Fixes mixed-dtype failures when using bitsandbytes 4-bit checkpoints with bfloat16 activations (notably during GRPO training), by enforcing dtype alignment in the LoRA matmul path and preventing inherited autocast contexts from downcasting gradients during custom backward passes.

Changes:

Cast dequantized 4-bit base weights in matmul_lora to match activation dtype before matmul/addmm.
In LoRA custom backward functions, disable autocast and explicitly cast incoming gradients and dequantized weights to X.dtype to avoid addmm_ dtype mismatches.

Reviewed changes

Copilot reviewed 2 out of 2 changed files in this pull request and generated 4 comments.

File	Description
`unsloth/kernels/utils.py`	Adds dtype-normalization around dequantized weights and LoRA accumulation in `matmul_lora`.
`unsloth/kernels/fast_lora.py`	Disables autocast in LoRA custom backward passes and aligns gradient/weight dtypes to the activation dtype.

💡 Add Copilot custom instructions for smarter, more guided reviews. Learn how to get started.

Copilot · 2026-04-08T12:36:10Z

        W = fast_dequantize(W, W_quant, use_global_buffer = True)
+        # fast_dequantize may return float16 from the global buffer even when
+        # activations are bfloat16 (quant_state.dtype from bnb-4bit checkpoints).
+        # Cast W to match the activation dtype to avoid mixed-dtype matmul errors.
+        if W.dtype != dtype:
+            W = W.to(dtype)
        out = torch_matmul(X, W.t(), out = out)
    if W_quant is not None:


This fixes dtype mismatches in matmul_lora, but the same root cause (4-bit quant_state.dtype driving dequant/output dtype) still exists in other hot paths in this file. For example, fast_linear_forward dequantizes with use_global_buffer=True and then calls torch_matmul(X, W, out=out) (and fast_gemv selects fp16/bf16 kernels based on quant_state.dtype), so dtype=torch.bfloat16 activations with fp16 quant_state.dtype can still trigger dtype-mismatch errors or incorrect kernel selection when q_len == 1 (especially for bsz > 1). Consider applying the same dtype-alignment strategy in those q_len==1 paths as well (cast the dequantized weight/output and/or ensure X is in the expected dtype before calling the bnb kernels).

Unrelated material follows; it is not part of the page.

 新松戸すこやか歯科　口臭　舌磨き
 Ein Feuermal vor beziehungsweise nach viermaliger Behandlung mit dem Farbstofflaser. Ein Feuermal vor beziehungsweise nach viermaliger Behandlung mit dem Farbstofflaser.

Copilot · 2026-04-08T12:36:11Z

+        # Cast W to match the activation dtype to avoid mixed-dtype matmul errors.
+        if W.dtype != dtype:
+            W = W.to(dtype)
        out = torch_matmul(X, W.t(), out = out)


Casting the full dequantized weight matrix with W = W.to(dtype) can allocate a fresh copy every call when quant_state.dtype != X.dtype, which may negate much of the benefit of use_global_buffer=True and increase memory bandwidth/peak memory. If this mismatch is expected to be common (e.g., bf16 activations + fp16 bnb checkpoints), consider a longer-term approach where the global dequant buffer is keyed by the compute/activation dtype (or otherwise dequantizes directly into the desired dtype) to avoid repeated full-matrix casts.

Suggested change

# Cast W to match the activation dtype to avoid mixed-dtype matmul errors.

if W.dtype != dtype:

W = W.to(dtype)

out = torch_matmul(X, W.t(), out = out)

# Avoid casting the full dequantized weight matrix every call; instead,

# run the base matmul in W.dtype and cast the result back if needed.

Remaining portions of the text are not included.